Re: [EuroPython] EPC 2005: where and when?

Magnus Lycka magnus at
Wed Oct 6 18:56:18 CEST 2004

> Laura Creighton wrote:
> > But I think that everybody who worked on the conference
> > last year is aware of how thoroughly unhappy and frustrated I was with Plone,
> > and the Plonish way of doing things, which is why I want to provide an alternative.

Dario replied: 
> sure, though I think the problem with that stance is that many others 
> were not unhappy. 

I am so far unimpressed by Plone. I think I just realized why, and
also why there is this big gap in opinons about it.
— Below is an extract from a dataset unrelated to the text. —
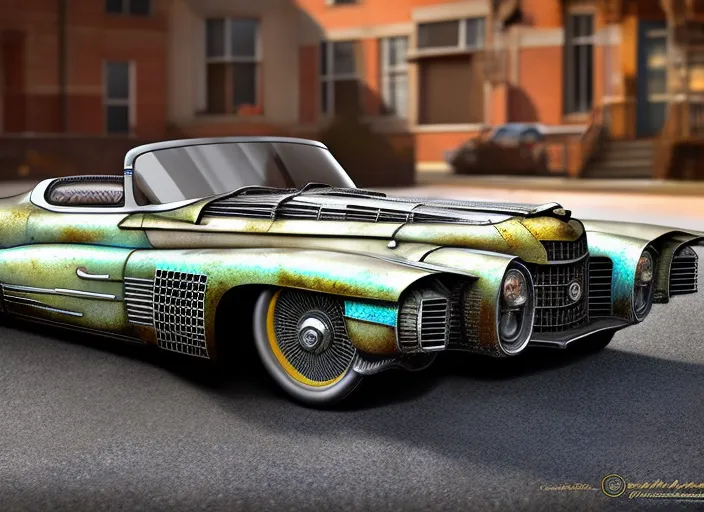 “Cadillac El Dorado de style Badass Steampunk dans une vieille rue pavée, trending on artstation, sharp focus, studio photo, intricate details, highly detailed, by greg rutkowski. Cadillac El Dorado de style Badass Steampunk dans une vieille rue pavée, trending on artstation, sharp focus, studio photo, intricate details, highly detailed, by greg rutkowski. chiaroscuro, 85mm”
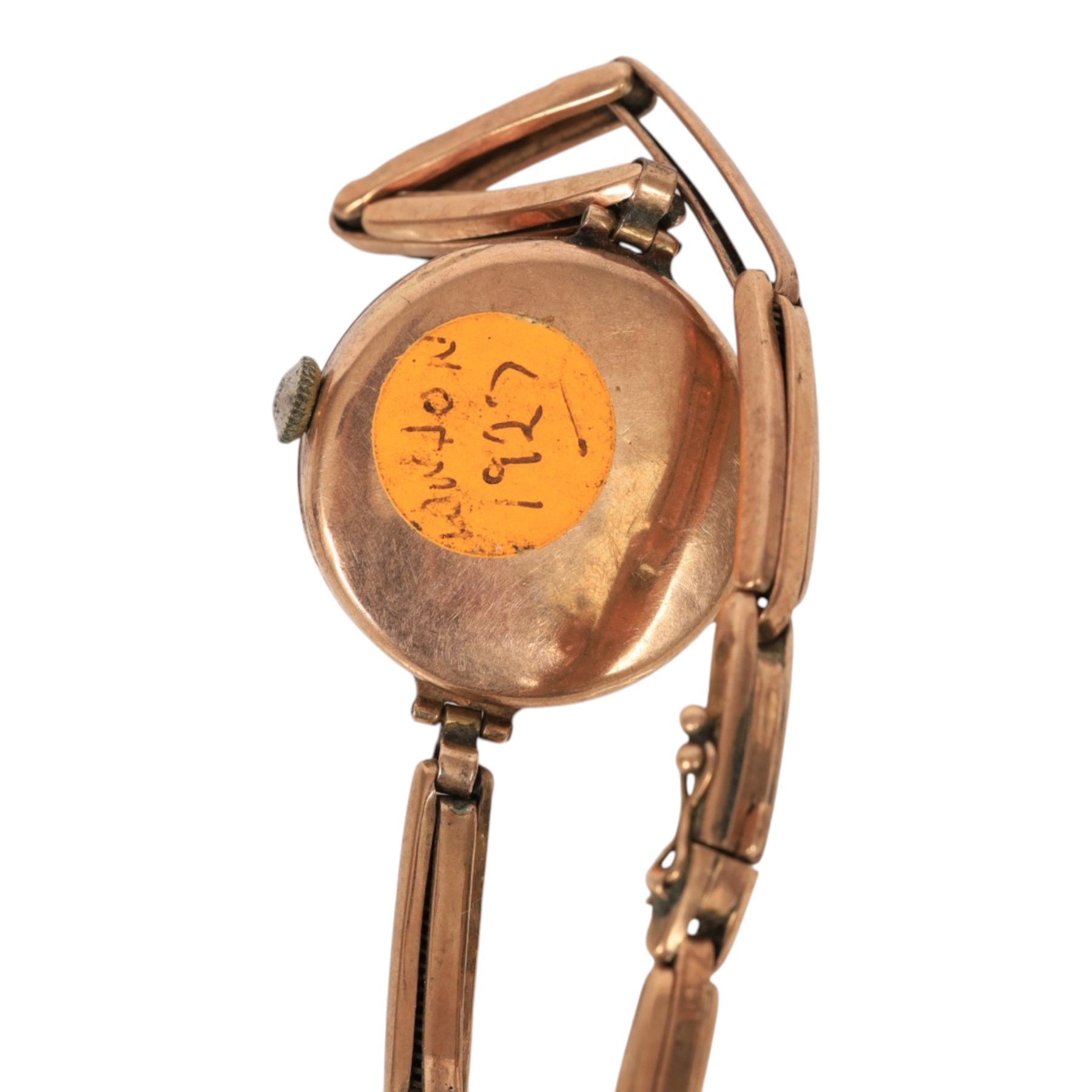 Five 9ct gold manual wind wristwatches, one on a 9ct rose gold expanding bracelet and an 18ct gold manual wind wristwatch, on brown leather strap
It seems to me
that Plone is designed to make web site designers and administrators
happy, and it seems that this happens at the expense of the visitors
of the web site. Most Plone sites I see look reasonably good (although
rather similar after a while) but provide poor navigation, often expose 
flaws (like links or searches leading to pages that doesn't seem to be 
intended for site visitors) and expose things on the pages that are 
irrelevant to normal site visitors and thus increase the cognitive load 
without adding value.

I think it's important that things that are irrelevant to normal site
visitors are not shown to normal site visitors. Is that possible with
Plone? (I.e. hide the log in and join links for normal users, make sure
that .)

I also got the feeling that he site designers tried to use features
of Plone that weren't at all ideal (or even intended) for the use it
got. The main example was to use the login and editing features that
are intended for Plone content providers for registration of conference
attendees and speakers. To me it's really surprising (and poor design) 
to mix web site data with conference business data, but the foremost 
problem was that registration was a lot more confusing than it ought to 
be. Plone developement reminds me of application development in MS Excel,
and that is not in Plones favour...

It seems to me that the EPC 2004 web site developers were too focused on 
using Plone features, and too little focused on building a web site that 
was easy for a visitor to use, or perhaps they were a little near sighted,
and saw things too much with plony eyes...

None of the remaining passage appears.